Mid-South cottonseed supply adequate for 2002

Despite disastrous late-season environmental conditions throughout much of the Mid-South in 2001, cotton farmers shouldn't have a problem finding plenty of high-quality cottonseed in 2002.

Extended periods of high humidity and heavy rainfall throughout August and early September 2001 caused boll rot, hard-lock and cottonseed that germinated in the boll, all disasters for many Delta cotton farmers. It also could have caused a shortage of high-quality cottonseed for the 2002.

However, most major cottonseed suppliers hedge their bets by spreading seed production acreage across the Cotton Belt, diminishing the effects of adverse weather conditions in any one region.


“Our Mid-South seed supply was devastated, not unlike any other seed company growing seed in the Mid-South,” says Danny Rogers, national marketing manager for Stoneville Pedigreed Seed in Memphis. “We had to turn much of our Delta seed production away because the quality wasn't there. We might have brought in 10 percent of what we grew in the Mid-South.”

Fortunately, however, Stoneville shifted a large portion of its 2001 seed production out of the Mid-South and into Texas, Arizona and California. “We are fortunate we made that move,” Rogers says.

“The bottom line is that we have a good supply of high-quality seed, even factoring in our Mid-South losses,” he says. “The only variety that may be a little bit tight is ST4793R. We have a good supply of that seed, we just don't fully understand what demand will be in 2002.”

Delta and Pine Land

Jim Willeke, vice president of sales and marketing with Delta and Pine Land Company in Scott, Miss., says, “I'd like to alleviate any concerns growers may have about seed supply in 2002. We have an excellent inventory of high-quality seed, as well as good inventories of key products across the company's entire cottonseed product line. In fact, the overall quality of our cottonseed in 2002 is better than it was in 2001.
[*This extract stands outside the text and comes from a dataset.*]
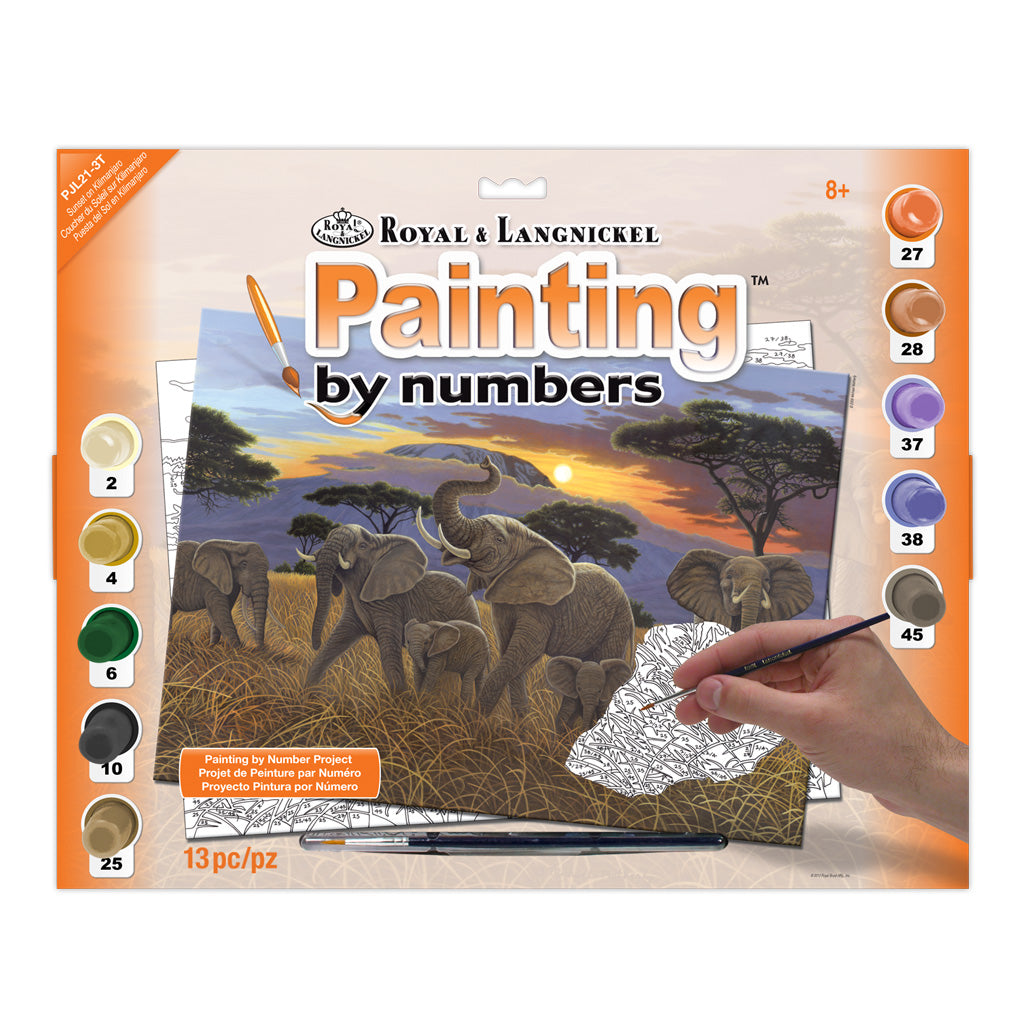 PJL21 - Painting by numbers™ 13pc 11.25" x 15.375" Sunset on Kilimanjaro Painting Project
“We are raising significant quantities of seed in four major production areas. 2001 was the best seed production year we've had in 10 years in our locations, both in Texas and in the Southwest,” he says.
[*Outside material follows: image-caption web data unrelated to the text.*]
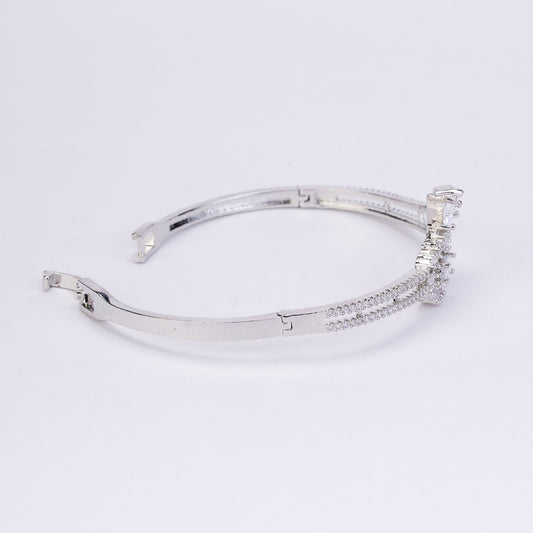 Bracelet - Floral Dazzling Rhodium Plated Bracelet - Opal Touch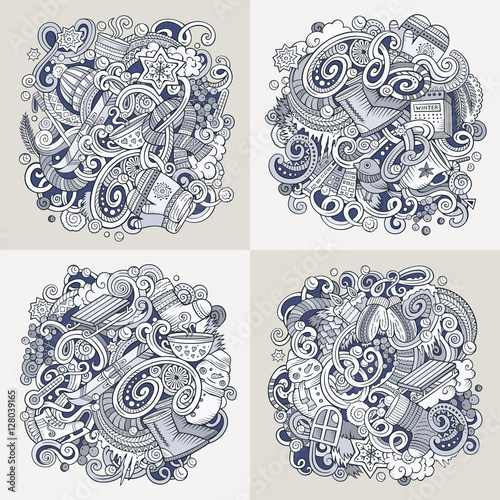 Winter cartoon 4 square composition set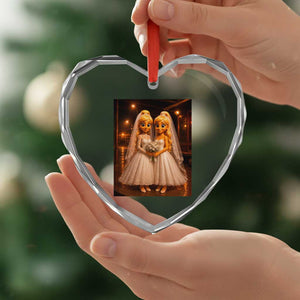 Funny Lesbian Pride Tung Tung Sahur Engagement Gift Heart Crystal Glass Ornament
According to Willeke, Delta and Pine Land increased production of several popular cottonseed varieties, including PM1218, DP451, DP458 and SG215BR, in anticipation of the 2002 season. The company also has two new cottonseed releases — DP491 and DP555BGRR — which will be available in limited supply in 2002.


According to Lee Rivenbark with Aventis, that company has already filled substantial orders for 2002 for FiberMax cottonseed varieties 958, 966, 832B and 989BR. “Even after filling the orders to date, we have a very solid supply of most of our varieties.”

In the Southeast, Rivenbark says, FiberMax may run into a shortage of 989RR and 991RR. The reason, he says, is that a March 2001 Roundup Ready agreement with Monsanto didn't give Aventis adequate time to produce a large quantity of seed in time for the 2002 crop season. “We had to get that seed from our Australian partner company. We bought all that they had, but their seed was in short supply,” he says. “All of our 2003 seed will be grown in 2002 in the United States.”

In the Southwest, Rivenbark says, 989RR is the only variety that could run short in 2002. “At this point, we've filled all of our south Texas seed orders except 989RR.”

Rivenbark recommends growers book what they need for 2002 as soon as possible.


Bobby Haygood with Dow Agrosciences, which produces Phytogen cottonseed, says indications are that his company too will have a good supply of high-quality cottonseed in 2002.

All three of the company's conventional cottonseed varieties are produced in west Texas.

“We have plenty of PSC355 seed available. Our other two varieties, which are tailored to Southeastern cotton growers, will be available in 2002 as certified seed. We hope to go to 100 percent certified seed in the future because it helps us insure our customers are receiving seed with 100 percent genetic purity,” Haygood says.

“As a smaller company, we have the flexibility to go through the certification process required to offer certified seed.”

e-mail: [email protected].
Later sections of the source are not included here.